The records Block Start

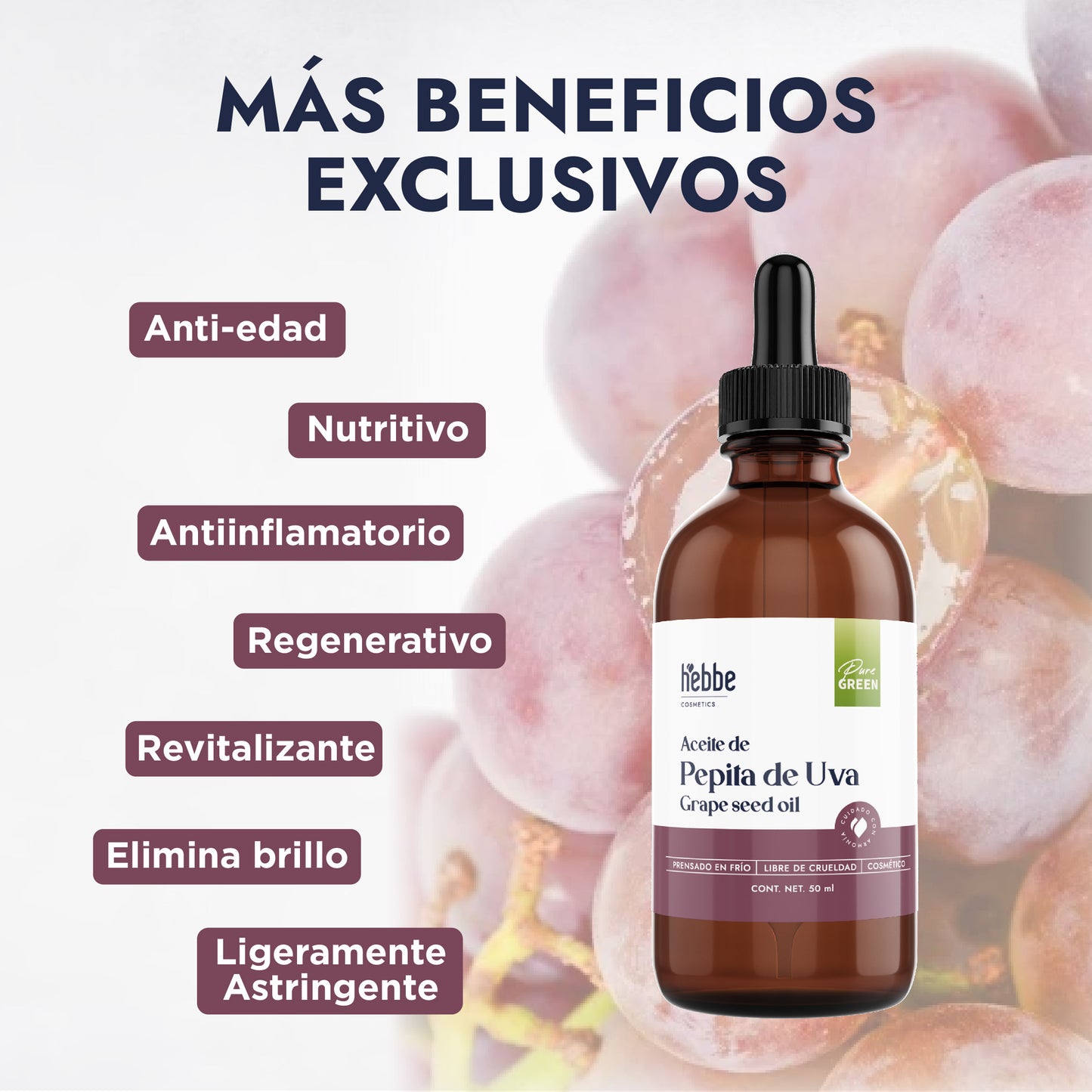 Aceite de Pepita de Uva Puro | Facial, Corporal y Corporal | Aceite de masaje, Antioxidante y Regulador Sebáceo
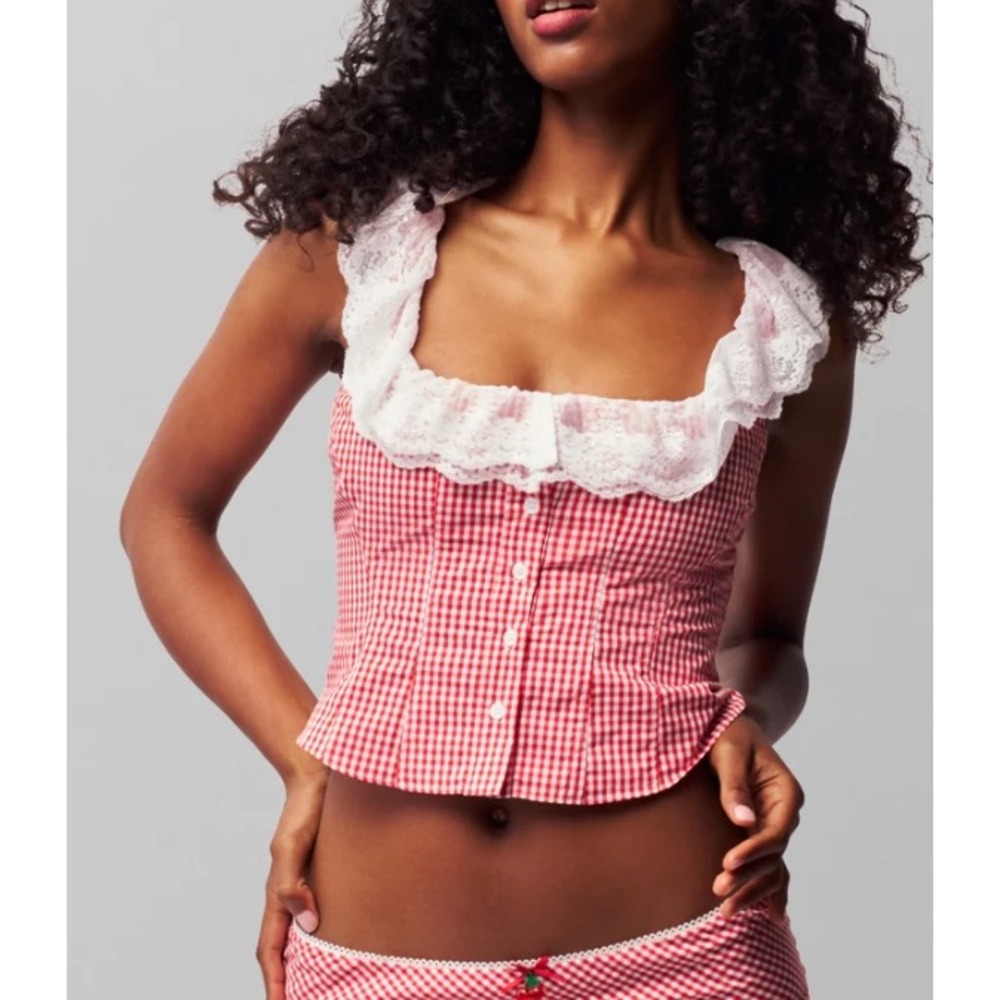 Guizio Paloma Red White Gingham Lace Trim Button Front Crop Top XL Womens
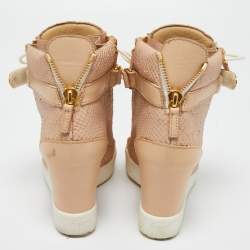 Pre Owned Giuseppe Zanotti Pink Python Embossed Leather Lorenz Wedge Sneakers Size 39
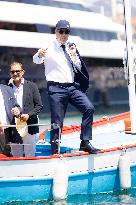 Christian Estrosi On The Electric Boat Shuttle Of The Port Of Nice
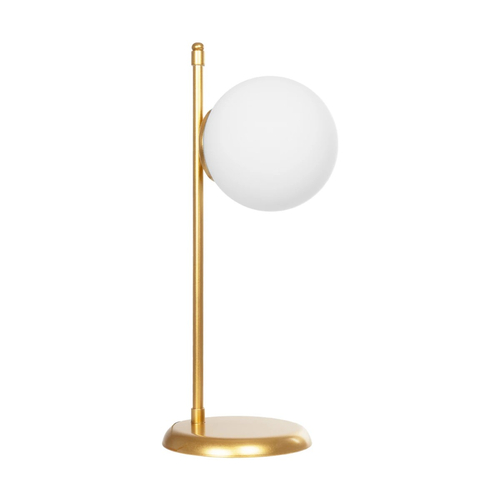 GloboStar® GLOBUS 203-0182 Μοντέρνο Επιτραπέζιο Φωτιστικό Πορτατίφ Μονόφωτο 1 x E27 IP20 Χρυσο Μέταλλο με Λευκό Γυαλί - Μ21 x Π16.5 x Υ45cm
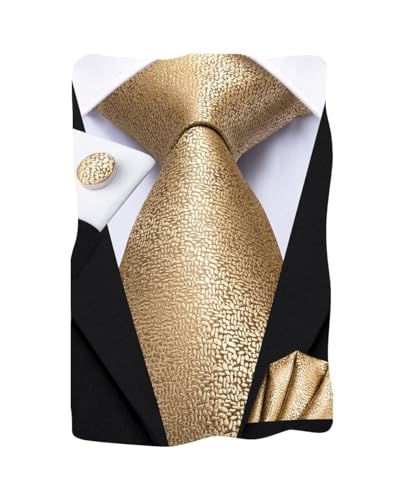 Image of Dubulle Mens Tie Set Solid Paisley Silk Striped Necktie for Men with Cufflinks Tie and Pocket Square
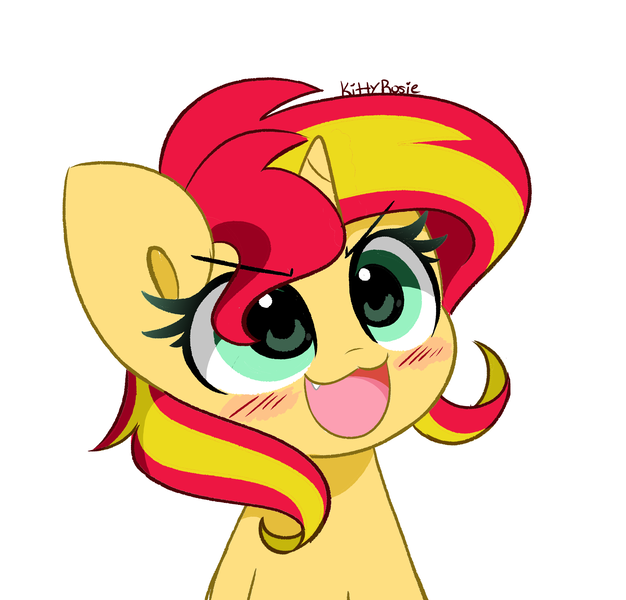 Size: 3664x3510 | Tagged: safe, artist:kittyrosie, derpibooru import, sunset shimmer, pony, unicorn, equestria girls, cute, image, open mouth, png, shimmerbetes, simple background, white background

The records Block End

> _Exercise_
Now transcribe all the entries above exactly, so that no picture is carried over.

> _Answer to this task_
 Aceite de Pepita de Uva Puro | Facial, Corporal y Corporal | Aceite de masaje, Antioxidante y Regulador Sebáceo
 Guizio Paloma Red White Gingham Lace Trim Button Front Crop Top XL Womens
 Pre Owned Giuseppe Zanotti Pink Python Embossed Leather Lorenz Wedge Sneakers Size 39
 Christian Estrosi On The Electric Boat Shuttle Of The Port Of Nice
 GloboStar® GLOBUS 203-0182 Μοντέρνο Επιτραπέζιο Φωτιστικό Πορτατίφ Μονόφωτο 1 x E27 IP20 Χρυσο Μέταλλο με Λευκό Γυαλί - Μ21 x Π16.5 x Υ45cm
 Image of Dubulle Mens Tie Set Solid Paisley Silk Striped Necktie for Men with Cufflinks Tie and Pocket Square
 Size: 3664x3510 | Tagged: safe, artist:kittyrosie, derpibooru import, sunset shimmer, pony, unicorn, equestria girls, cute, image, open mouth, png, shimmerbetes, simple background, white background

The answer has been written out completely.